送配電網の維持、運用に係る費用について、これまで小売電気事業者が託送料金として全額負担してきたが、その一部について発電側に求める「発電側課金」(発電側基本料金をその後の進捗により発電側課金に名称変更、タイトル名も発電側課金とした)については、2024年4月の開始に向けてのルール(電取委制度設計専門部会 中間とりまとめ案2023.2.20を公表)がほぼ固まった。ここでは、「発電側課金」の概要について紹介する。

【発電側課金とは】

発電側課金は、系統を効率的に利用するとともに、再エネ導入拡大に向けた系統増強を効率的かつ確実に行うため、現在、小売事業者が全て負担している送配電設備の維持・拡充に必要な費用について、需要家とともに系統利用者である発電事業者に一部の負担を求め、より公平な費用負担とするもの。

【課金対象】

  • (1)発電側課金については、系統に接続し、かつ、系統側に逆潮させている電源全てを課金対象とすることを基本とする。ただし、系統側への逆潮が10kW未満(例:住宅用太陽光発電)と小規模な場合は、当分の間、課金対象外とする。
  • (2)発電側課金の導入が再エネの最大限の導入を妨げないよう、FIT電源等の取扱いについて、資源エネルギー庁の審議会において整理がなされた。
    • ・既認定FIT/FIP については、調達期間等が終了してから発電側課金の対象にするとのこと(認定期間中のみ対象外)
    • ・新規FIT/FIP については、調達価格等の算定において考慮(通常要する費用として認め交付金で賄う、全額かどうかは論点として残っている模様)

【課金方法】

発電側基本料金(その5)で解説している通り、kW課金(固定料金)とkWh課金(従量料金)の組み合わせで実施することが既に決まっており、kW課金とkWh課金の比率は1:1としている。

現行案と見直し案について
(電力・ガス取引監視等委員会 第54回 制度設計専門部会2021.1.25配布資料より抜粋)
現行案と見直し案について

(発電側課金の設定)

  • ・発電側・需要側の両方で等しく受益していると考えられる上位系統(基幹系統及び特別高圧系統)に係る固定費の一部(発電側と需要側の課金対象kWで按分したもの)を発電側課金で回収することとしている。
  • ・2015年度実績によると上記固定費(10社合計)は、1兆4208億円であり、発電側課金の規模のイメージとしては、年間約5333億円程度で託送料金の1割程度となる。

【割引制度】

発電側課金は、系統増強費用の確保を目的としているため、系統への影響が少ない立地地点の電源については割引を受けられるとしている。割引の規模は、地点によって異なるが系統増強の影響が少ないエリアに電源を誘導する狙いもある。

【参考】

FIT電源の買い取り期間が終了した場合の負担単価のイメージは以下の通りであり、従来と比べて設備利用率が低い電源の負担率は軽減している。費用負担のイメージとしては、例えば、風力発電の見直し後の負担単価は0.72円/kWhでありFIT調達価格(2022年度上限額16円/kWh)と比較すると総発電量の約4.5%以上を発電事業者が負担するイメージとなる。

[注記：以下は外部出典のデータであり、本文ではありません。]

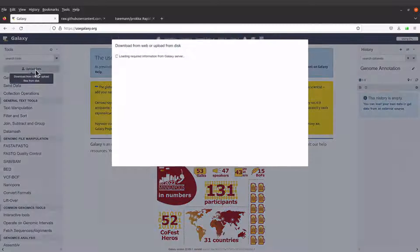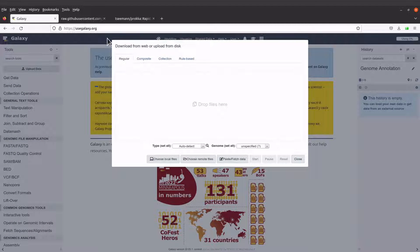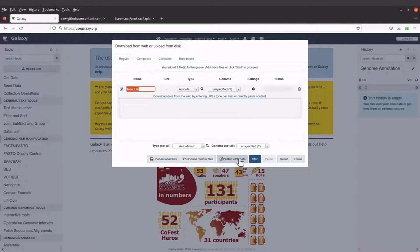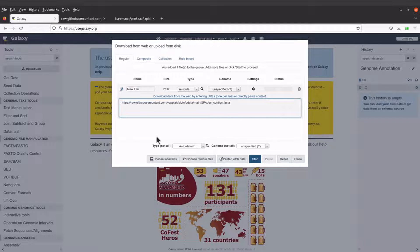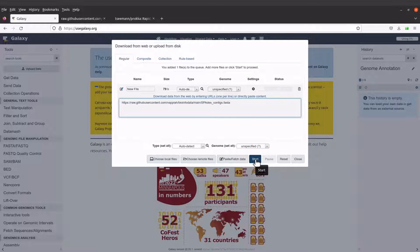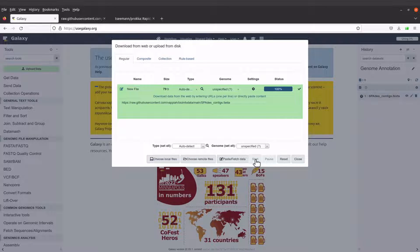On the left side you will see the 'Upload Data' button — click it. Make sure you have selected 'Regular' and then come to 'Paste/Fetch Data' and click it. When you are here, don't change anything — come to the entry box and paste the link that you copied. The reason I don't want us to modify this is that we want to maintain the file name we saw on GitHub. Click 'Start' and Galaxy will fetch this data for us.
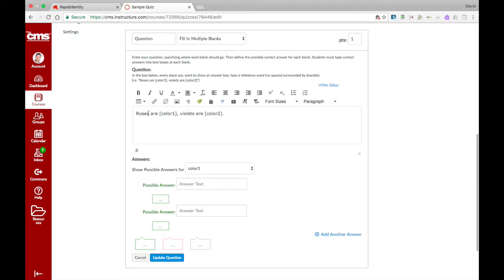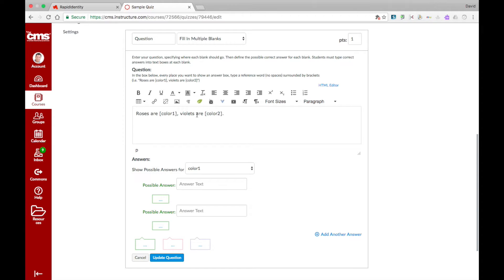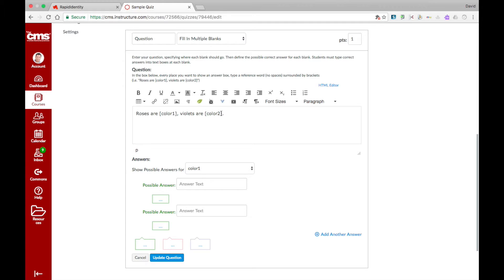Your reference word will need to be surrounded by brackets. In the example, we have Roses are Color1, Violets are Color2. Color1 is surrounded by brackets, and so is Color2. These are where your students will type in the answers. That's where your blanks are going to go.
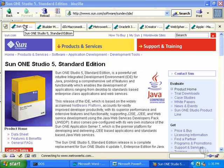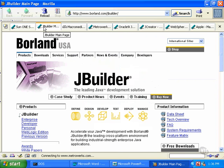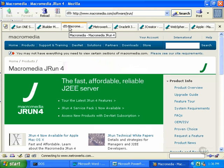The Sun One Studio IDE is an extension of the NetBeans development system that's freely available from Sun's Java website. Like most of the IDEs, you can download an evaluation copy. Possibly the most popular of the commercial IDEs is Borland's JBuilder. It's also possible to download an evaluation copy that you can use to find out whether or not you like it.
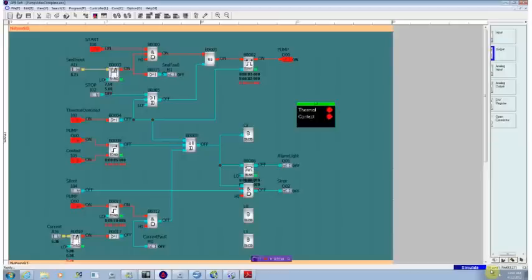You can do data logging. You can add in Modbus so that all the parameters and statistics could be collected centrally. A lot of different capabilities that you can add in.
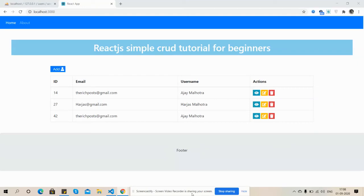Hello my friends, how are you? Welcome again to my channel Rich Boss, myself Ajay. Hope you all are doing good. Let's continue with the React.js tutorial. In this video I'm going to show you how to update the user. In my last video I showed you how to add, view, and delete the user. Now in this video I'm going to show you how to update the user details. First I will show you all my functionalities.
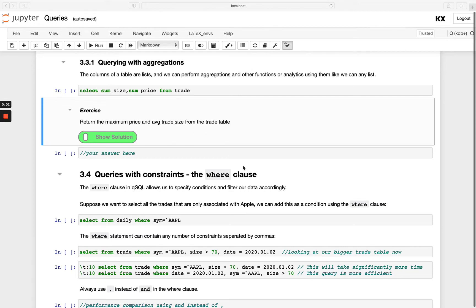Welcome back. Let's continue looking at the select statement and some more features we have with it. So we can also do aggregations with our columns.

FIT切れと同時に課金によってコストが増えることにより事業を継続しない事業者が増え、再エネ普及の妨げとならないよう配慮すべきと考える。

各再エネ電源における見直し前後の負担単価イメージ
(電力・ガス取引監視等委員会 第54回 制度設計専門部会2021.5.12配布資料より抜粋)
各再エネ電源における見直し前後の負担単価イメージ

発電側課金については、6次エネルギー基本計画(2021.10)において「導入の要否を含めて検討を進める」とされており、その導入について振り出しに戻ったが、ようやく導入時期を2024年度と定めるとともに課金制度の骨格が決まった。現在、中間とりまとめ(案)は、パブリックコメントを終え、経済産業大臣に建議することとなっている。

今後は、2024年度の開始に向けてルールの整備を行うとともに発電事業者への周知が徹底されることを期待したい。